Paul De Grauwe

Forces centrifuges

UN DES PARADOXES DE LA GLOBALISATION est qu’elle réduit la dimension optimale des pays. Consécutivement à la globalisation de l’intégration économique européenne, la Belgique est en mesure de bénéficier, tout comme les pays de plus grande dimension, des avantages économiques d’un marché plus vaste (économies d’échelle, spécialisation).
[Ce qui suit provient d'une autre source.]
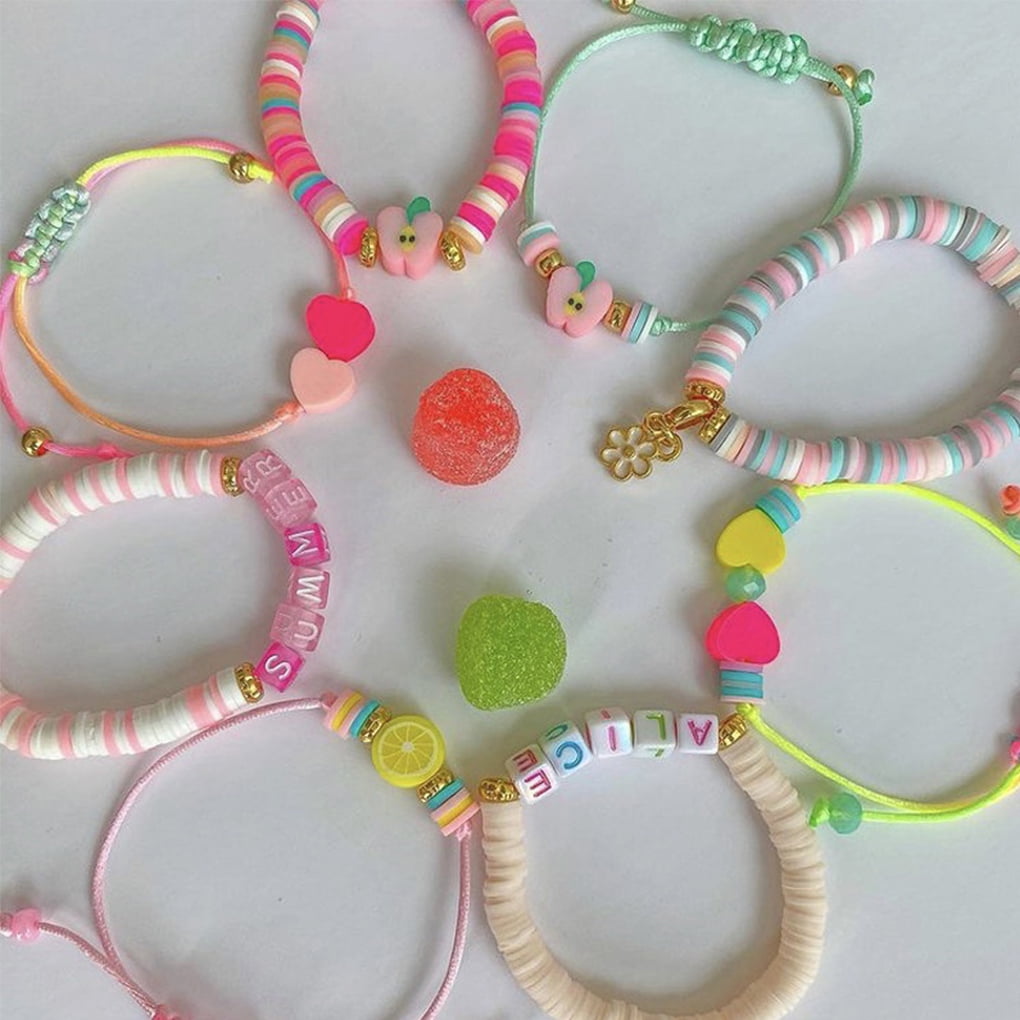 Pastel Rainbow - DIY Personalised Bracelet Kit – Something Flora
PAUL DE GRAUWE Professeur d’économie à la KU Leuven

Mais les entités régionales elles aussi, telles la Flandre et la Wallonie, peuvent en profiter pleinement. Au fur et à mesure que la globalisation progresse, les désavantages économiques d’une scission du pays diminuent.

Quand le coût de la séparation baisse, il importe qu’une cohésion importante lie les partenaires qui font partie de l’union. En fait, dans pareil cas, la cohésion, agissant comme facteur de perpétuation de l’union, gagne considérablement en importance.

Le problème de la Belgique est que la cohésion a dramatiquement dégringolé alors que le coût de la scission a diminué. Plusieurs raisons expliquent ce phénomène. La première est d’ordre socio-économique. A l’époque où la partie francophone du pays occupait une position économique dominante, l’élite était francophone. L’existence de cette élite (composée de Flamands et de Wallons) renforçait très sensiblement la cohésion de la Nation. Maintenant que les rôles sont inversés et que la Flandre est devenue dominante sur le plan économique, la Belgique compte deux élites, une néerlandophone et une francophone, qui n’ont plus guère de points communs entre elles.

La deuxième raison de la rupture importante de cette cohésion en Belgique est d’ordre politique. Pendant les années 1970, tous les partis ont été scindés en un flamand et un francophone.

Aujourd’hui, il n’y a plus de partis qui servent corps et âme l’intérêt fédéral. Un poison larvé infecte dès lors la politique belge. Les politiques flamands et francophones sont de plus en plus tentés de chercher l’ennemi par-delà la frontière linguistique. Les élus qui ont le plus la cote imputent la cause de tous les maux sociaux et économiques qui frappent leur Région à l’attitude déraisonnable des habitants de l’autre bord. A la longue, une partie grandissante de la population finit par faire sienne cette logique et se ranger à la conclusion qui en découle, à savoir que tout irait mieux si on se débarrassait de ces importuns d’en face.

Les forces centrifuges se sont fortement amplifiées au cours de ces dernières décennies. Elles expliquent l’impasse dans laquelle se trouve actuellement le pays. La façon dont nous pourrons nous sortir de cette dynamique demeure incertaine.